__GIVEN MATERIAL__
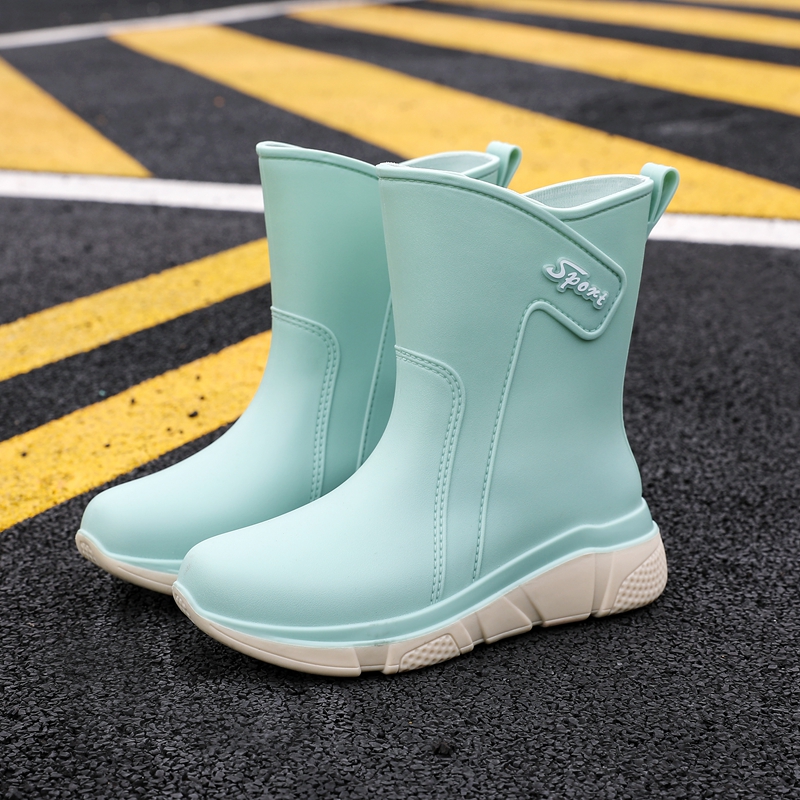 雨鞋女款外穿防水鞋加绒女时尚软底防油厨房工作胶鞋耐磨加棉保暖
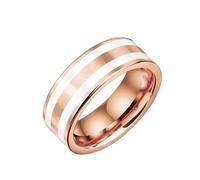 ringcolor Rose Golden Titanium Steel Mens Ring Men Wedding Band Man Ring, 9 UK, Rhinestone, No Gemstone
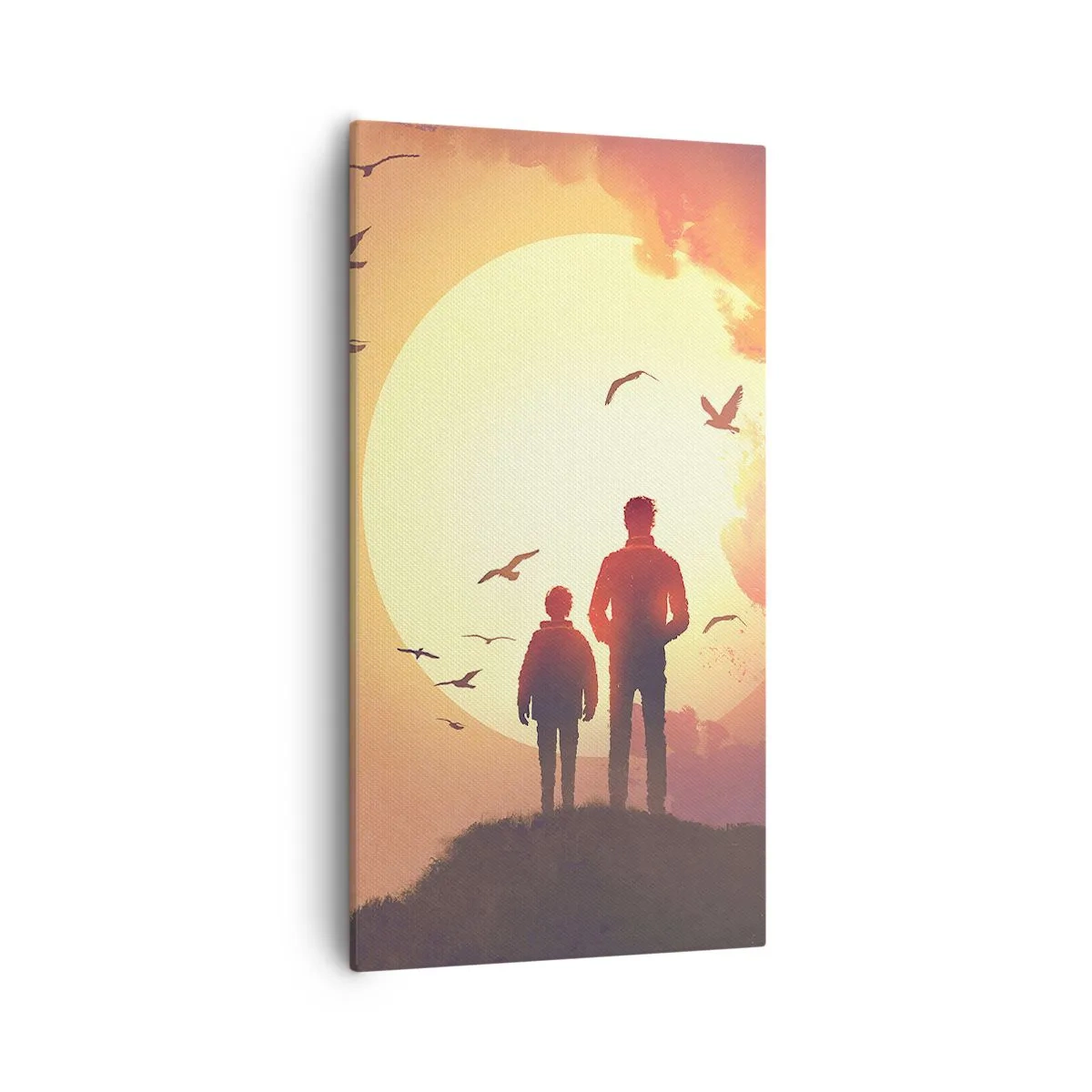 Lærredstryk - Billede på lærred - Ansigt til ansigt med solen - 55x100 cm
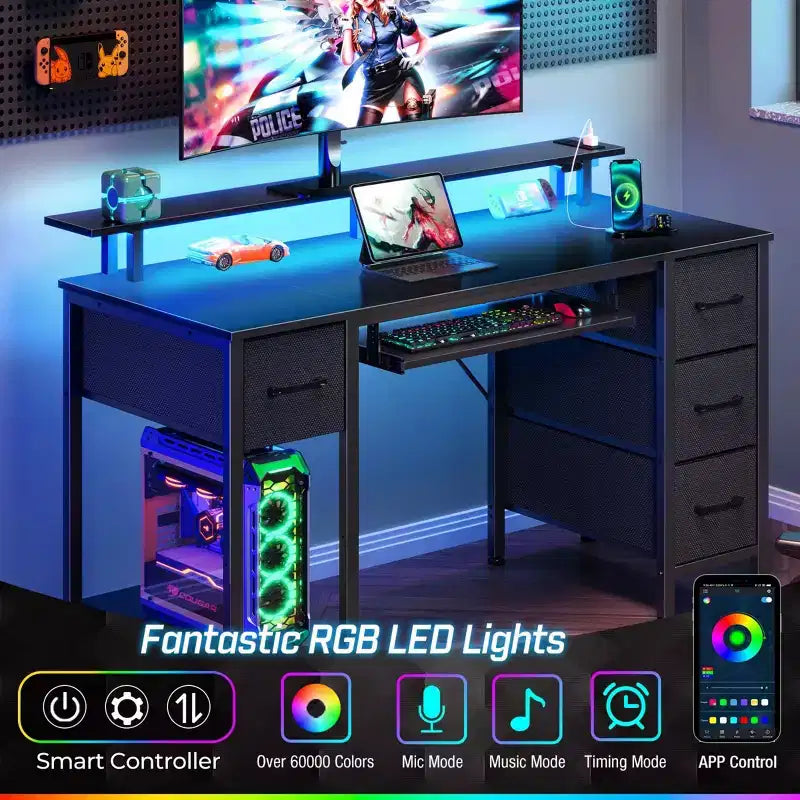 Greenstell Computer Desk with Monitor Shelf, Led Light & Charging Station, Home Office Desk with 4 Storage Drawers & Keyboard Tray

__REQUIRED ACTION__
All of the data is to be transcribed exactly, with images omitted.

__ANSWER SPACE__
 雨鞋女款外穿防水鞋加绒女时尚软底防油厨房工作胶鞋耐磨加棉保暖
 ringcolor Rose Golden Titanium Steel Mens Ring Men Wedding Band Man Ring, 9 UK, Rhinestone, No Gemstone
 Lærredstryk - Billede på lærred - Ansigt til ansigt med solen - 55x100 cm
 Greenstell Computer Desk with Monitor Shelf, Led Light & Charging Station, Home Office Desk with 4 Storage Drawers & Keyboard Tray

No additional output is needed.